BMI: Based on current WHO definition of overweight (BMI ≥ 25)35.

GPAQ (Global Physical Activity Questionnaire) score ≥ 600 MET-minutes per week was used to identify participants who were exercising regularly. A GPAQ score of 600 is equal to 75 min of vigorous activity, 150 min of moderate activity or an equivalent combination of both reaching 600 MET-minutes per week36.

Statistical method

Data analysis has been performed on R version 4.3.1. Family history and each outcome of interest was compared initially with unadjusted Welch Two Sample t tests and Pearson’s Chi-squared tests. Statistically relevant baseline factors within the TEXTMEDS study dataset were identified for each outcome of interest using univariate logistic regression (Supplementary Tables 26). The statistical method of LASSO (Least Absolute Shrinkage and Selection Operator) was then utilised to further identify and narrow down relevant covariates37. To summarise briefly, this statistical method selects only for covariates that can better predict each of the outcomes being investigated in our study. The covariates that remain within the model after the LASSO method were then included and adjusted for within the final model for each outcome.
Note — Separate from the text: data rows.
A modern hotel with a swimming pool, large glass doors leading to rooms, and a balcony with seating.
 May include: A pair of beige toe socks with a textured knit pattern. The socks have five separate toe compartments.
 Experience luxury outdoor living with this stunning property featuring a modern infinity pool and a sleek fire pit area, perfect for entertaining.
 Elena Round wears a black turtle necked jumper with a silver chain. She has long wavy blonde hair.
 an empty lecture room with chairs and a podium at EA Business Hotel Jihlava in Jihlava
The final model for each outcome was adjusted by age, sex, intervention in the primary study, baseline value for each outcome and the covariates that were identified using LASSO. In addition, analyses were conducted using the continuous outcome variables in a regression model for all outcomes except smoking status.

This project was approved by the Western Sydney Local Health District Human Research Ethics Committee (approval HREC2012/12/4.1 [3648] AU RED HREC/13/WMEAD/15); the primary study has been listed on the Australian New Zealand Clinical Trials Registry (ACTRN12613000793718).